[Task] From the first line to the last, restate the data exactly, leaving out the images.

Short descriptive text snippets
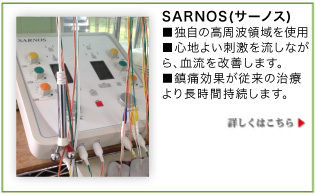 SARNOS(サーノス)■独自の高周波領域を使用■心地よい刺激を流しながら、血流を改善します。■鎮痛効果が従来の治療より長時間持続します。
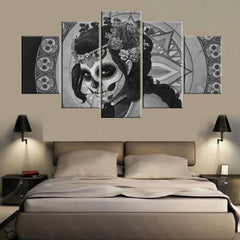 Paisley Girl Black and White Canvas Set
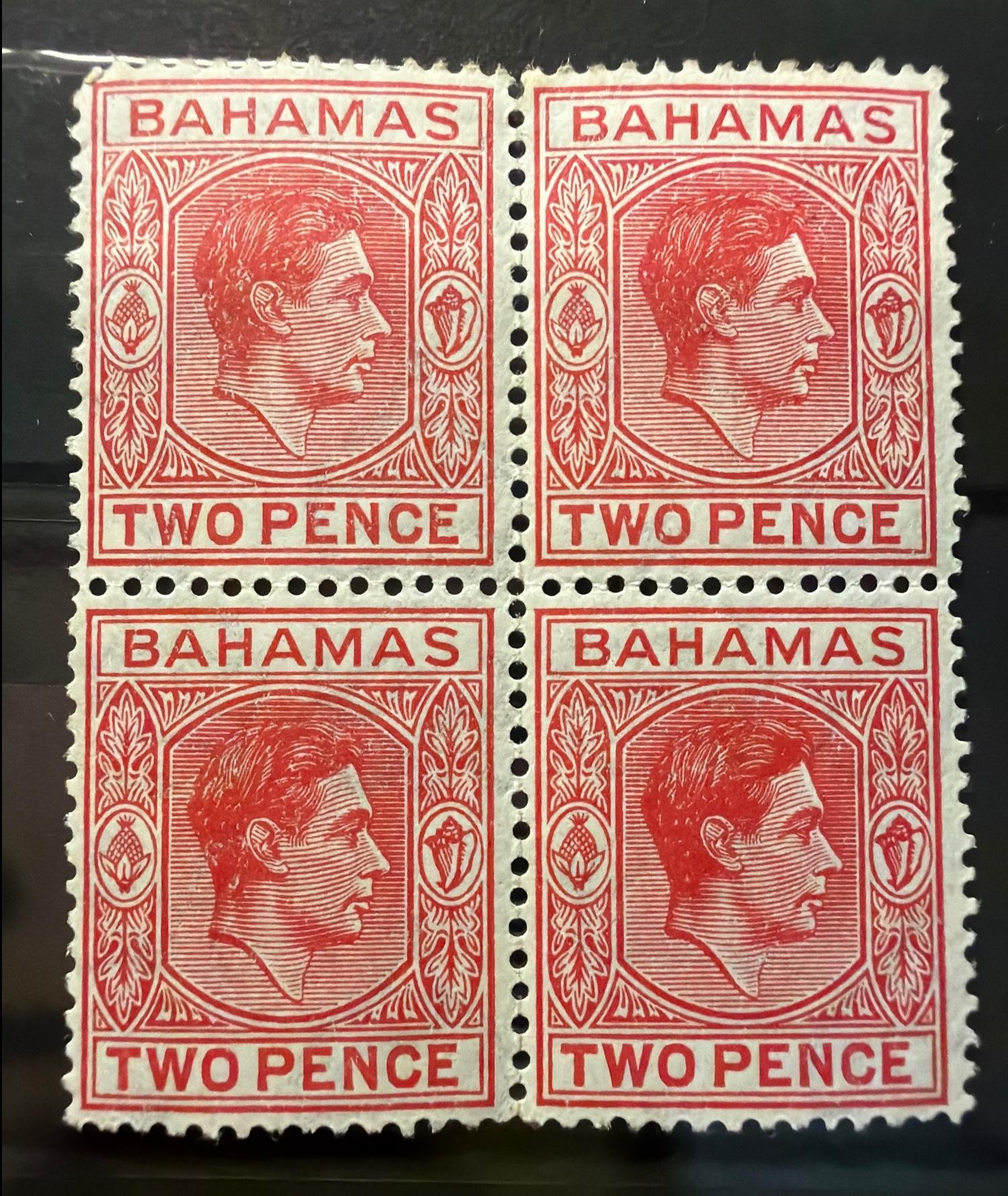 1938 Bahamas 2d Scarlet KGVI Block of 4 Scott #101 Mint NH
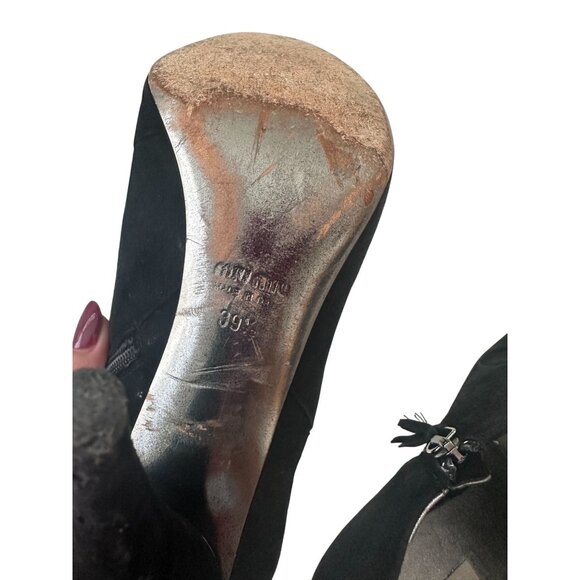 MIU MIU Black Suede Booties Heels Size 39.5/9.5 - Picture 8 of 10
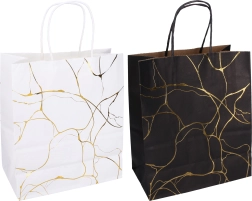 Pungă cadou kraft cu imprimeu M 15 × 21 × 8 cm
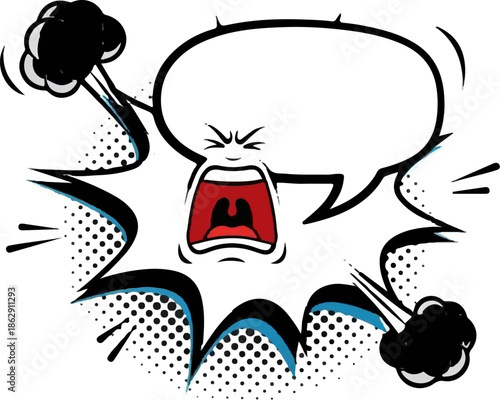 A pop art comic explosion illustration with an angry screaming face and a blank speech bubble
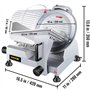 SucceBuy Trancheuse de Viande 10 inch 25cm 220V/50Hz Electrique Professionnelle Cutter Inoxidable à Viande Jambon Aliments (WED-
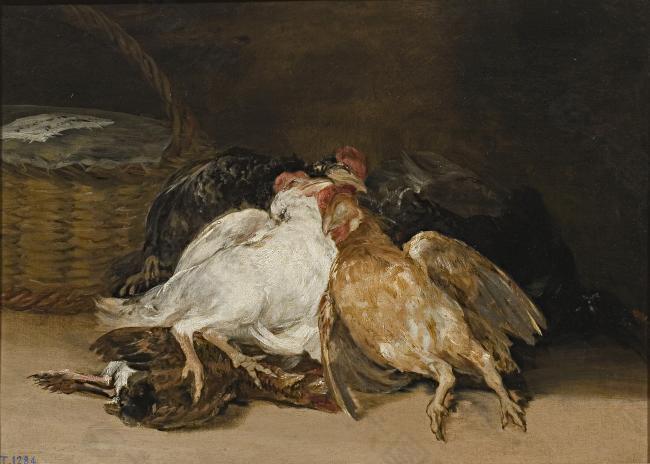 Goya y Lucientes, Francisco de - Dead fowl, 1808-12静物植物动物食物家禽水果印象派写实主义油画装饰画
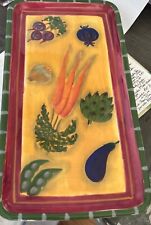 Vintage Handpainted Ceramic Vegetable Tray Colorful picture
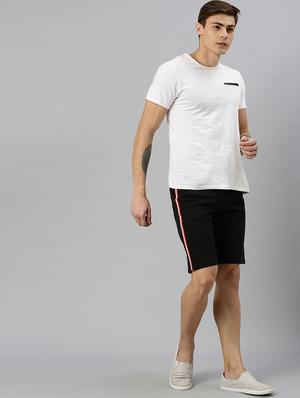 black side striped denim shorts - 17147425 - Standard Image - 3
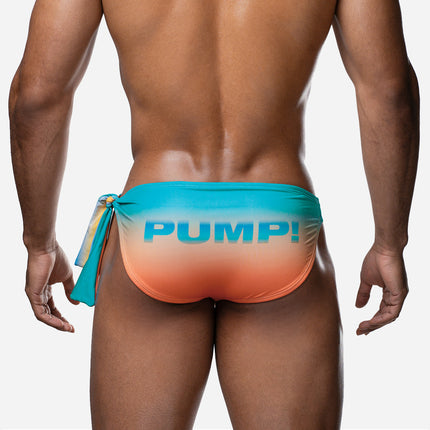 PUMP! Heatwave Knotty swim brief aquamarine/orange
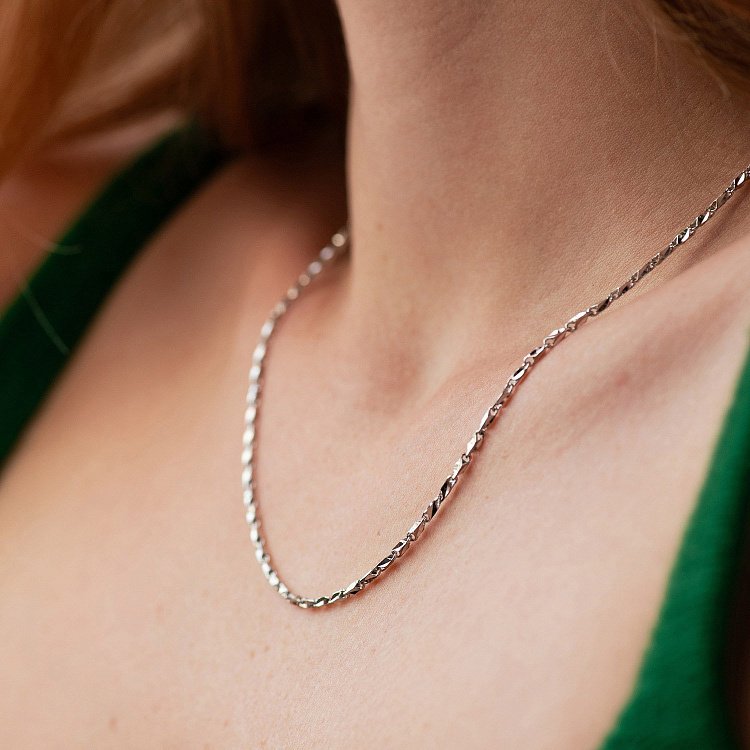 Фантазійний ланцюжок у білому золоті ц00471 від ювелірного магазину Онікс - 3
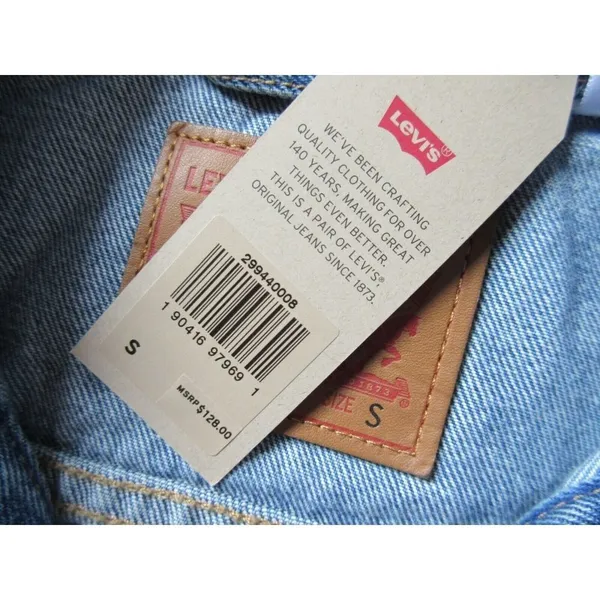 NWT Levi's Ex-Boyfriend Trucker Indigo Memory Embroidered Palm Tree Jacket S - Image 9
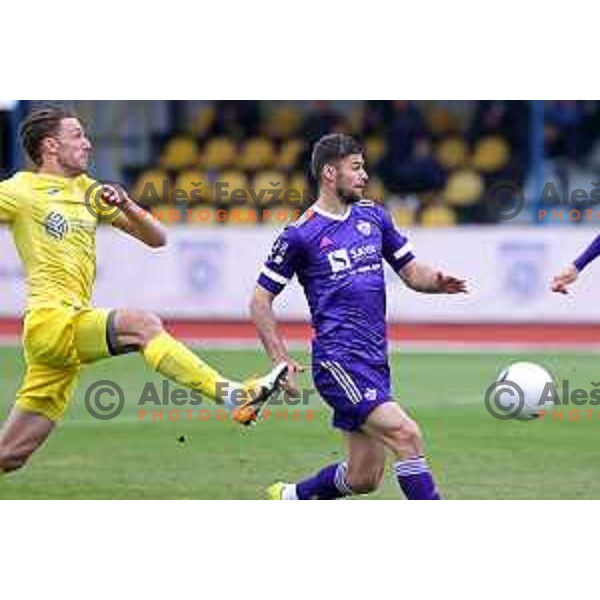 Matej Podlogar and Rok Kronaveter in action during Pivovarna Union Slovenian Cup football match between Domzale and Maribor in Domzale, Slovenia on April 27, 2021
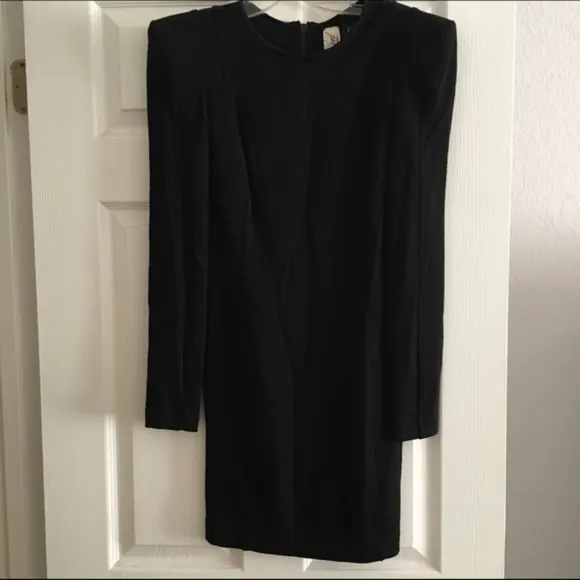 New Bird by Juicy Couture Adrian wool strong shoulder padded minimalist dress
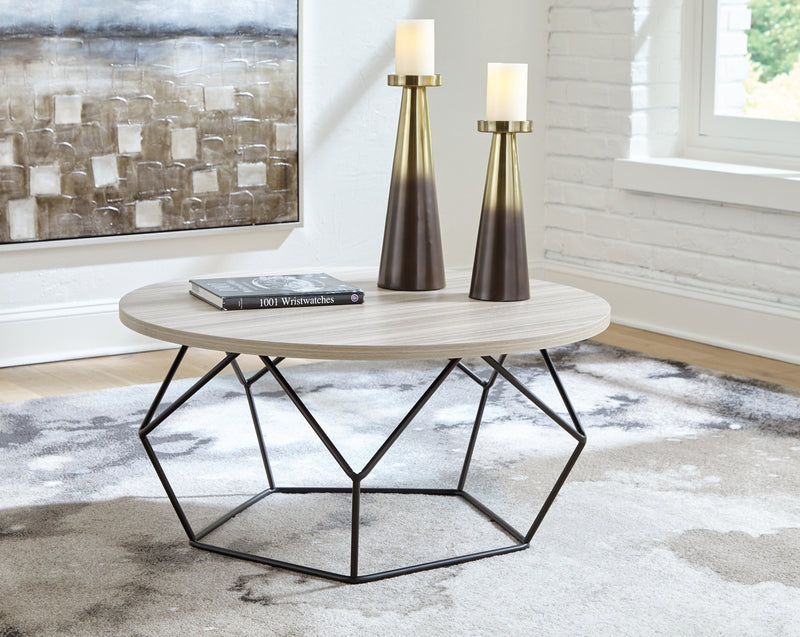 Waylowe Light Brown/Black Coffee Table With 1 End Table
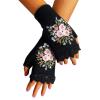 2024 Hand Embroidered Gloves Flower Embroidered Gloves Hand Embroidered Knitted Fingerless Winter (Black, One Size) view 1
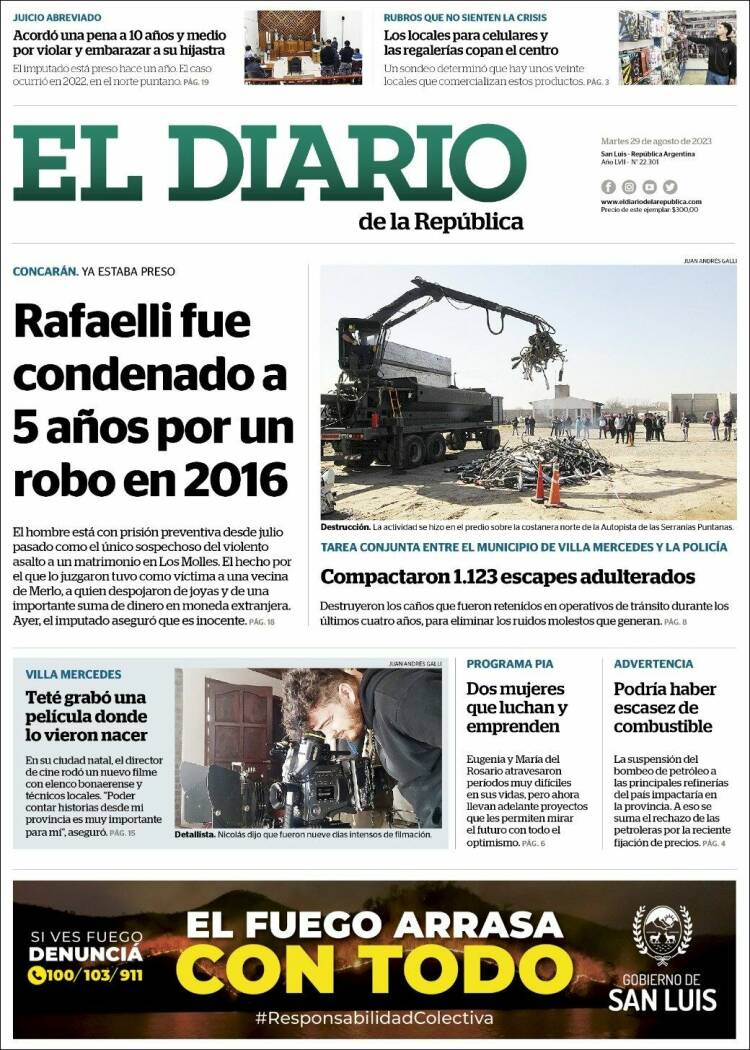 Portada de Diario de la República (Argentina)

[Response to the task]
 SARNOS(サーノス)■独自の高周波領域を使用■心地よい刺激を流しながら、血流を改善します。■鎮痛効果が従来の治療より長時間持続します。
 Paisley Girl Black and White Canvas Set
 1938 Bahamas 2d Scarlet KGVI Block of 4 Scott #101 Mint NH
 MIU MIU Black Suede Booties Heels Size 39.5/9.5 - Picture 8 of 10
 Pungă cadou kraft cu imprimeu M 15 × 21 × 8 cm
 A pop art comic explosion illustration with an angry screaming face and a blank speech bubble
 SucceBuy Trancheuse de Viande 10 inch 25cm 220V/50Hz Electrique Professionnelle Cutter Inoxidable à Viande Jambon Aliments (WED-
 Goya y Lucientes, Francisco de - Dead fowl, 1808-12静物植物动物食物家禽水果印象派写实主义油画装饰画
 Vintage Handpainted Ceramic Vegetable Tray Colorful picture
 black side striped denim shorts - 17147425 - Standard Image - 3
 PUMP! Heatwave Knotty swim brief aquamarine/orange
 Фантазійний ланцюжок у білому золоті ц00471 від ювелірного магазину Онікс - 3
 NWT Levi's Ex-Boyfriend Trucker Indigo Memory Embroidered Palm Tree Jacket S - Image 9
 Matej Podlogar and Rok Kronaveter in action during Pivovarna Union Slovenian Cup football match between Domzale and Maribor in Domzale, Slovenia on April 27, 2021
 New Bird by Juicy Couture Adrian wool strong shoulder padded minimalist dress
 Waylowe Light Brown/Black Coffee Table With 1 End Table
 2024 Hand Embroidered Gloves Flower Embroidered Gloves Hand Embroidered Knitted Fingerless Winter (Black, One Size) view 1
 Portada de Diario de la República (Argentina)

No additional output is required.